◆ Dataset entries:
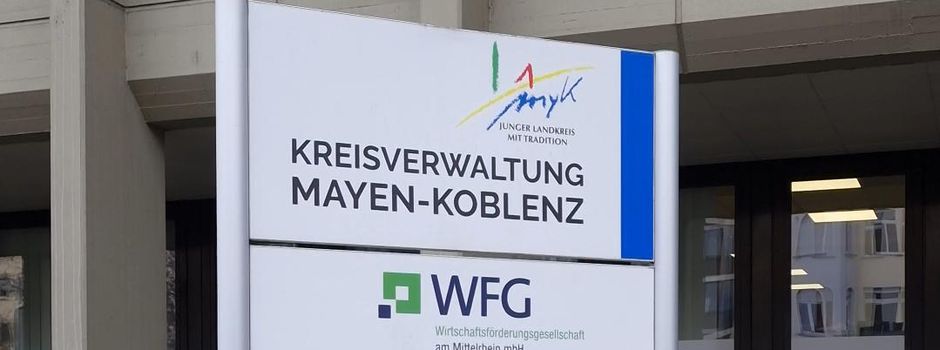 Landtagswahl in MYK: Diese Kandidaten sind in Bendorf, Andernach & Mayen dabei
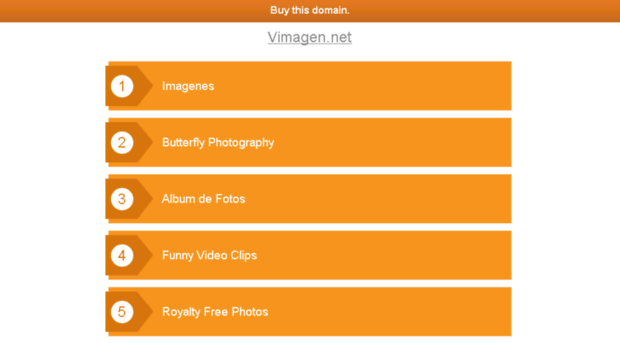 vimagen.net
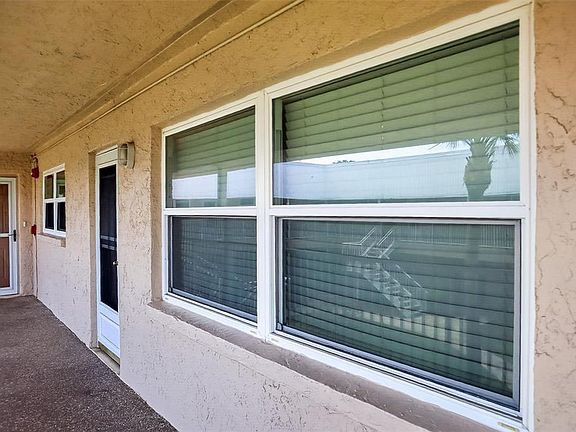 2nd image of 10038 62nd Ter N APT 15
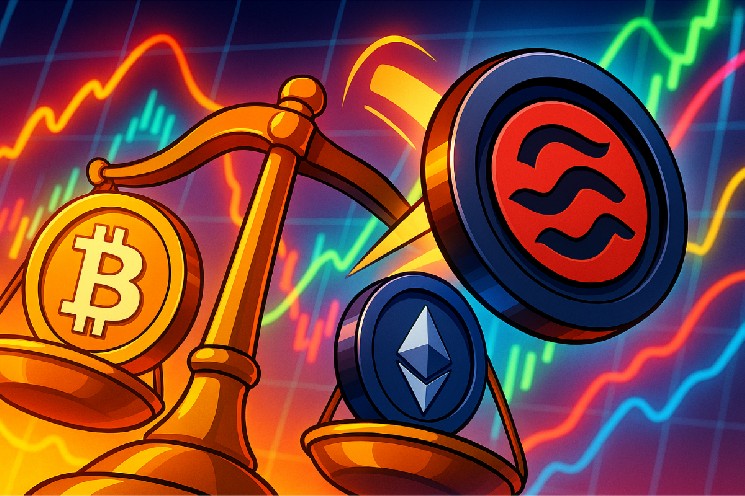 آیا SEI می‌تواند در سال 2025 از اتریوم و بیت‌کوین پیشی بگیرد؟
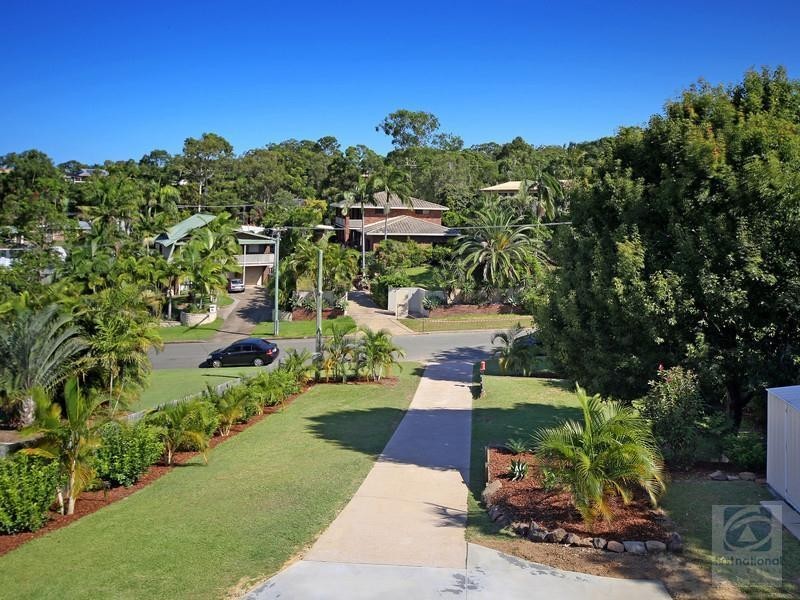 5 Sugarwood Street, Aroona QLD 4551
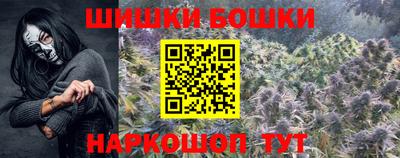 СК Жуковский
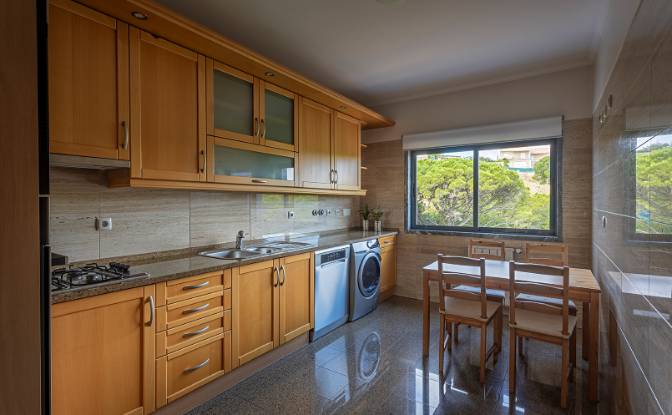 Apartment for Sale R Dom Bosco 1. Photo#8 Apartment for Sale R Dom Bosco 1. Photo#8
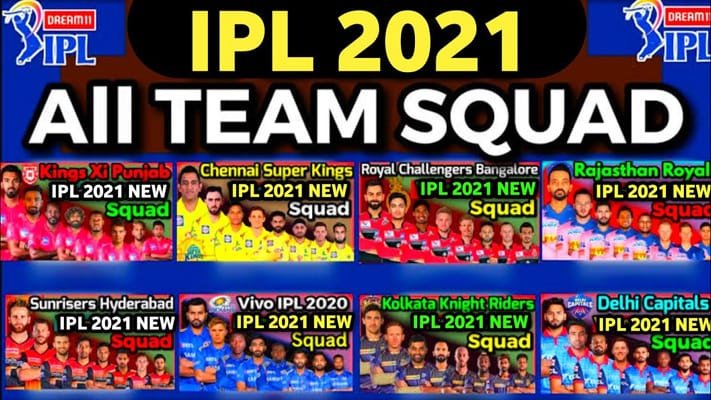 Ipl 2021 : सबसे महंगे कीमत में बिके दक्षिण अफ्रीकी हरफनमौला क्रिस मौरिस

◆ Exercise objective: Retype each line of the listing above word for word. Exclude the pictures.

◆ Task answer:
 Landtagswahl in MYK: Diese Kandidaten sind in Bendorf, Andernach & Mayen dabei
 vimagen.net
 2nd image of 10038 62nd Ter N APT 15
 آیا SEI می‌تواند در سال 2025 از اتریوم و بیت‌کوین پیشی بگیرد؟
 5 Sugarwood Street, Aroona QLD 4551
 СК Жуковский
 Apartment for Sale R Dom Bosco 1. Photo#8 Apartment for Sale R Dom Bosco 1. Photo#8
 Ipl 2021 : सबसे महंगे कीमत में बिके दक्षिण अफ्रीकी हरफनमौला क्रिस मौरिस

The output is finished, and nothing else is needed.